Voir la vidéo de la séance au Sénat (4mn42) ci-dessous:


D’emblée, dans l’optique de décrédibiliser Nutri-Score, Mme Genevard affirme qu’il a connu un « faible succès » puisqu’il n’a été adopté « que » par 7 pays au niveau européen. C’est un comble ! Faire croire que ce déploiement est un échec au niveau européen est réellement déplacé. C’est au contraire un grand succès pour un outil de santé publique qui fait l’objet d’une forte opposition de puissants lobbies, notamment de grandes multinationales de l’agro-alimentaire. Les sept pays qui l’ont adopté qui sont la France, l’Allemagne, la Belgique, les Pays-Bas, l’Espagne, le Luxembourg et la Suisse, représentent tout de même 53 % de la population européenne et il a même été estimé que plus de 65 % des européens ont accès au Nutri-Score si on prend en compte les autres pays dans lesquels les distributeurs affichent le Nutri-Score sur leurs produits. D’autre part, Mme Genevard n’est certainement pas sans savoir que plusieurs autres pays européens sont actuellement dans le processus législatif d’adoption du Nutri-Score (notamment la Finlande, l’Autriche). En France, c’est déjà plus de 1450 marques (62% du marché) qui ont adopté le Nutri-Score…
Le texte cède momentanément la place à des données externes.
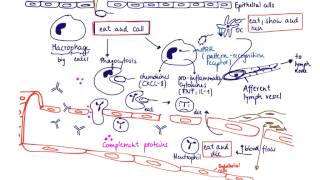 Brandls Basics Innate immune response to extracellular bacteria [upl. by Audrit]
Dans sa réponse devant les sénateurs, pleine d’imprécisions, de confusions et de fake news, Mme Genevard fait preuve d’un total mépris pour la science (à laquelle elle ne fait jamais allusion) et pour les scientifiques et un vrai déni de la santé publique et de la santé des consommateurs. Pour défendre les fromages de sa région (le Comté) et de celle du Sénateur qui l’a interrogée (le Roquefort) elle préfère mettre en avant le caractère « remarquable » de ces produits et la qualité des filières agricoles…alors que l’on sait que la production de ces fromages est en très grande partie sous la coupe de firmes agro-alimentaires très puissantes, comme Lactalis, Savencia et Sodiaal.
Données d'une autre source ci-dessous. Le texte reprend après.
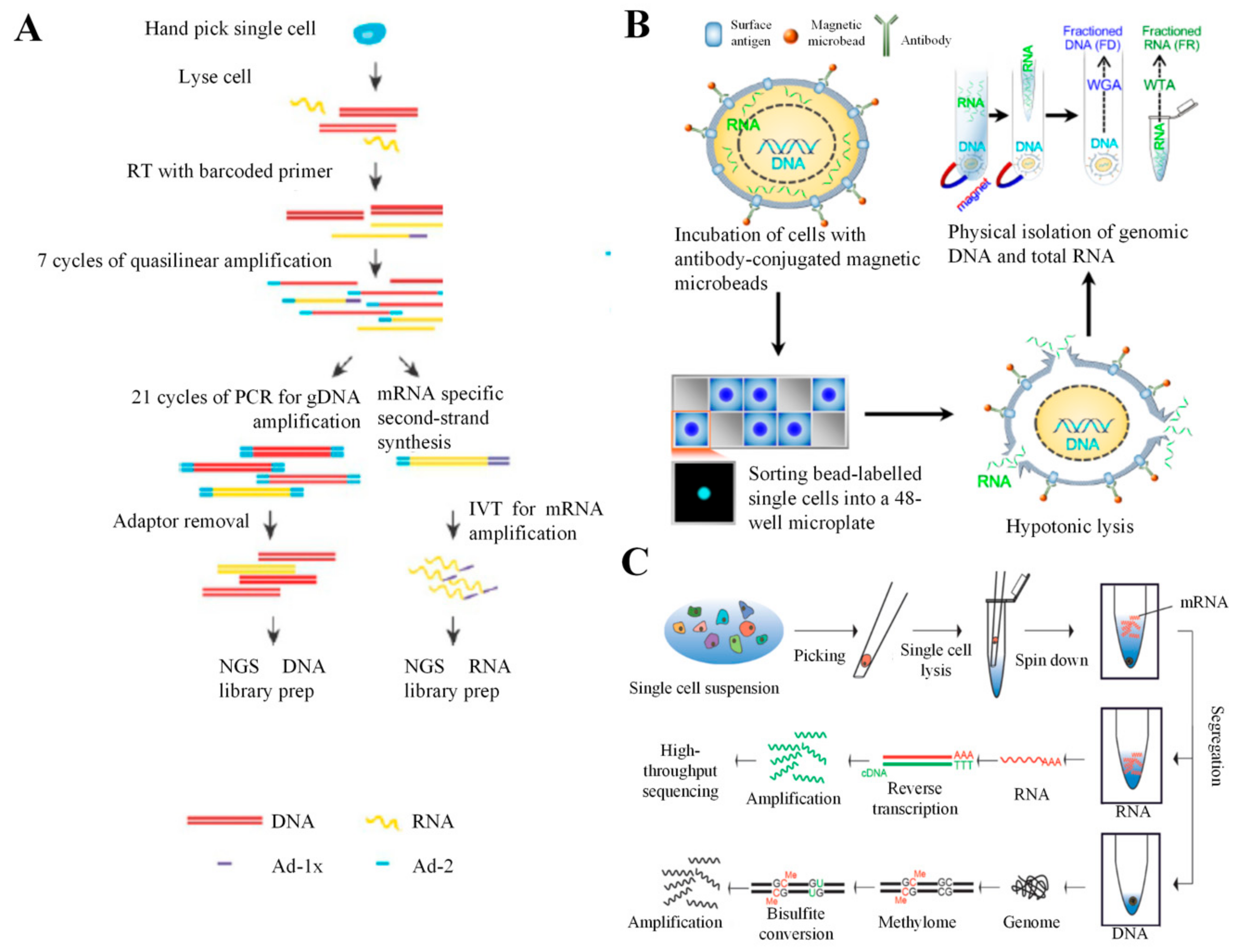 Cells 09 01130 g007 Cells 09 01130 g007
Parmi les imprécisions et les arguments développés par la Ministre, on retrouve les éléments largement utilisés par les lobbies : la confusion faite entre la « qualité gastronomique ou patrimoniale » et « la qualité nutritionnelle » de certains aliments. Mme la Ministre joue sur ce registre pour les aliments qu’elle veut défendre (« le Roquefort chez vous, le Comté chez moi et les magnifiques salaisons françaises ») qu’elle cite à plusieurs reprises avec le qualificatif générique de « remarquables », sans préciser à quel point de vue : le goût ? le fait qu’ils font partie du patrimoine gastronomique ? le lien avec le terroir ? le fait d’être produit par des filières de qualité ? la qualité nutritionnelle ? le bénéfice santé ?…) ? C’est une stratégie largement utilisée par les lobbies et leurs relais politiques, notamment en Italie (et par son homologue au ministère de l’Agriculture italien, Mr Lollobridgida, issu du parti d’extrême-droite au pouvoir, les Fratelli Italia), dans le cadre de ce que l’on nomme le gastro-nationalisme ou gastro-populisme : mettre en avant des qualités des aliments qui n’ont rien à voir avec leur composition nutritionnelle ou leur lien avec la santé pour occulter ces derniers. Mais, bien sûr, ce n’est pas parce qu’un produit est traditionnel et gastronomique et qu’il fait partie du patrimoine culinaire (des notions tout à fait respectables), que cela lui confère une qualité nutritionnelle favorable et l’autoriserait à ne pas être transparent sur sa valeur nutritionnelle (en n’affichant pas le Nutri-Score) ou de bénéficier d’un quelconque passe-droit pour afficher un bon Nutri-Score ! Un produit gras, salé ou sucré même traditionnel, même avec une appellation d’origine (AOP ou IGP) reste sur le plan nutritionnel un produit gras, salé ou sucré. Pour Mme Genevard, si des produits « remarquables » comme les fromages ou les charcuteries sont « riches en gras ou en sucre » (sic !, non Mme la ministre ils sont riches en sel pas en sucres…), le fait que le Nutri-Score le montre aux consommateurs est pour elle choquant et le fait que ces produits ne soient pas classés favorablement par Nutri-Score voudrait tout simplement dire que le Nutri-Score n’est pas adapté !
De plus, il serait bon de rappeler, Mme la Ministre, qu’en fait, la grande majorité des aliments traditionnels sont bien classés par Nutri-Score, seuls les fromages et les charcuteries sont classées dans les catégories D et E. Ce qui ne fait d’ailleurs que rappeler aux consommateurs que, compte-tenu de leurs teneurs en sel et en acides gras saturés, ces aliments, qui peuvent faire partie d’une alimentation équilibrée, doivent être consommés en quantités et fréquences limitées. Ce point est en parfaite phase avec les recommandations nutritionnelles de santé publique qui sont en vigueur auprès du grand public, notamment dans le cadre du PNNS en France et au niveau européen.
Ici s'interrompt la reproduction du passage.